In the Forests of Serre by Patricia McKillip

Patricia A. McKillip is one of my favorite fantasy authors. I have written elsewhere about one reason that I like her work, namely that much of it involves a main character deciding not to seek revenge. (I suppose that makes her novels, with this aspect important, Christian, in a sense.)

Here's what another blogger wrote about her use of words:

Words seem ironically inadequate to describe the skill with which McKillip spins the English language into magic. Lyrical is one word that is often used in reviews, but it's so much more. Most of McKillip's work deals with magic, and if there is any true magic in the world, I would suspect it would be found in her use of language. I could luxuriate in work written by McKillip regardless of the story, simply to enjoyher use of words.

I agree. It is also true that McKillip can be obscure, and leave quite a bit unexplained. Nonetheless, she has won more Mythopoeic Awards than any other author.

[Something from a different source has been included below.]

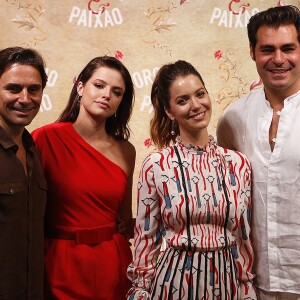 Agatha Moreira com Murilo Rosa, Nathalia Dill e Thiago Lacerda no lançamento de 'Orgulho e Paixão'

In the Forests of Serre (New York: Ace, 2003) is a book that I have read three times since I got it from one of our daughters for Christmas. I was trying to get a handle on the book. I believe that I finally did, and it's not McKillip's fault that it took me so long. It's about the heart. The word, referring to the seat of the emotions, is used over and over again, and two of the main characters give up their hearts for something else, and regret this.

I don't see how I can summarize the plot, or even describe the characters (there are nine that I would consider main characters) in anything like a post length that's reasonable, even for me. So I'll just summarize the book this way:

McKillip has again written a book with excellent use of language, describing a marvelous forest, wizardry, and a cold castle. The Princess Sidonie decides that she doesn't want to marry Prince Ronan unless he re-claims his heart. He gave it away because his first wife and child died. After numerous trips, by several characters, into and through the forest, all is well. Everyone who should have a heart does, and the two really can fall in love and be married.

* * * * *

This post has been somewhat re-done, here.

Thanks for reading!


Mufana said...

Dr. LaBar, I haven't read the book that you are refering to, but I have read a fantasy series that I got from you at SWU. The series is The Pendragon Cycle by Stephen R. Lawhead. I was interested in your opinion of the series and the author.

Martin LaBar said...

I responded to the commenter, and I appreciate the comment. Part of what I said (some was personal--I know him) was approximately this:
The books by Lawhead are pretty good reads, and Christian without being preachy. Somehow they never appealed to me as much as some other works of fantastic literature, and I haven't taken the time to figure out why.